Data block.
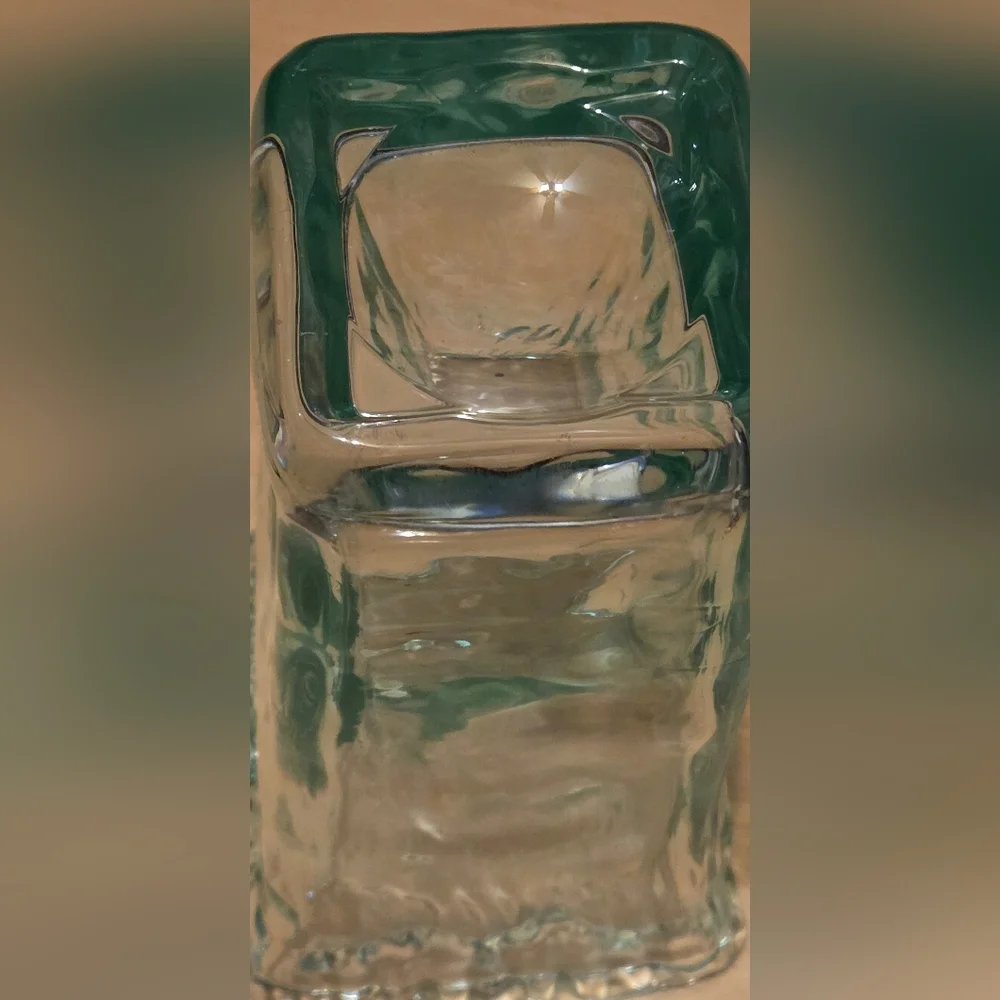 N/A recycled glass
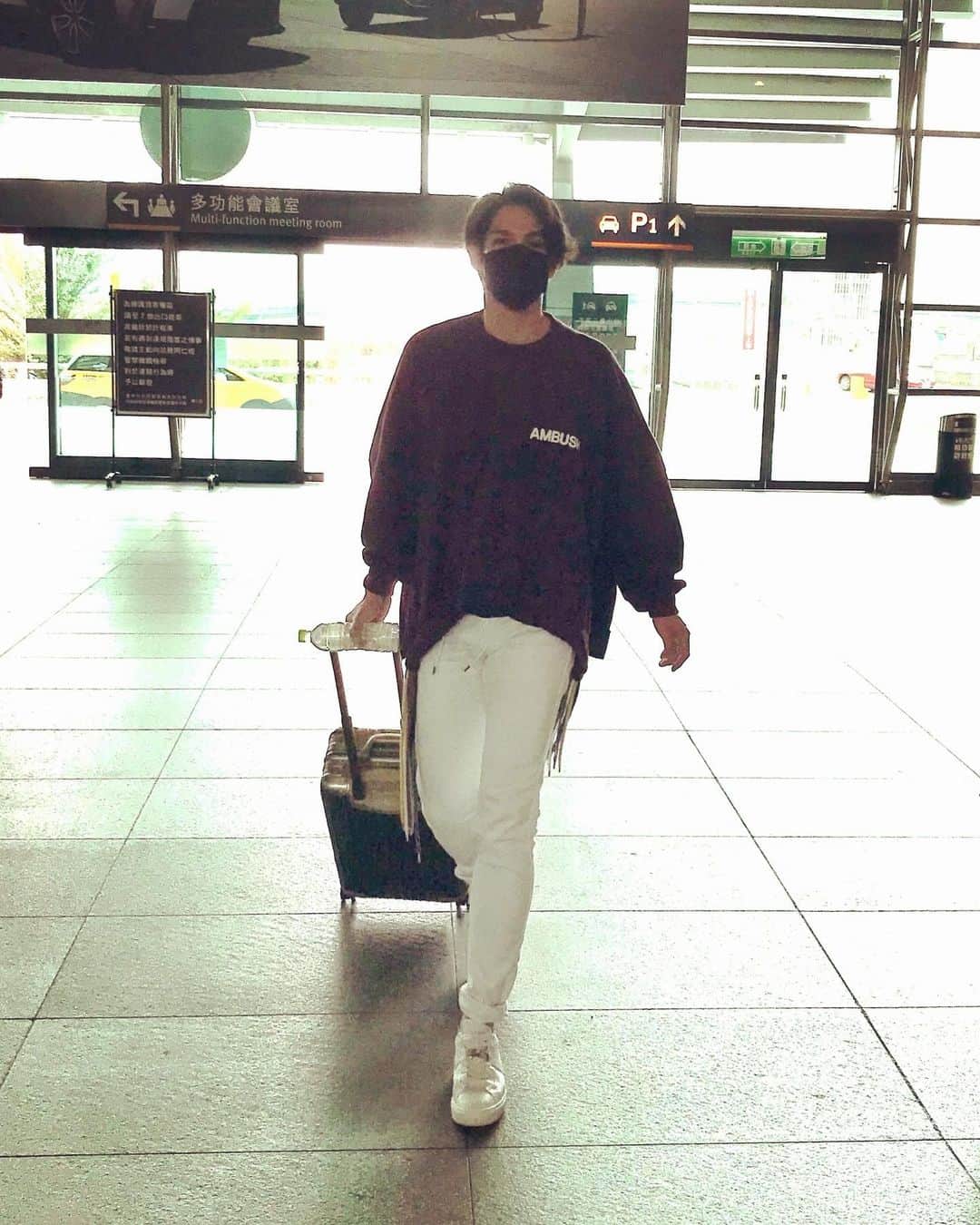 のインスタグラム：「🚄台中🙂」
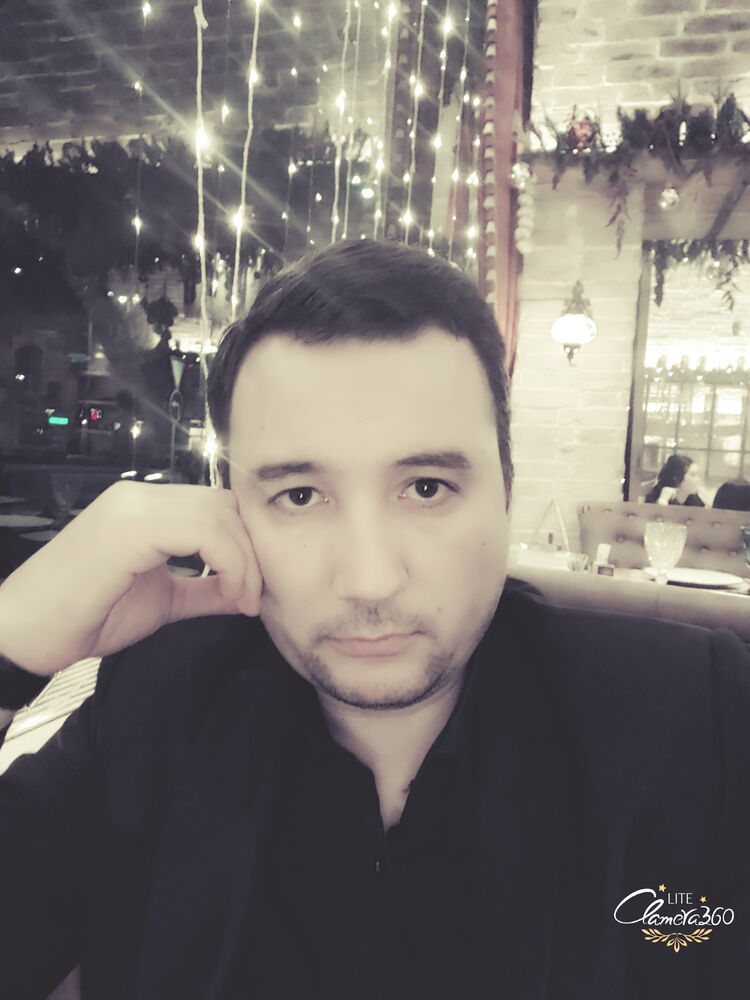  48538966  Ulugbek, 38 ,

What is required.
Print the whole listing above once more, word for word, without its pictures.

Problem solution.
 N/A recycled glass
 のインスタグラム：「🚄台中🙂」
  48538966  Ulugbek, 38 ,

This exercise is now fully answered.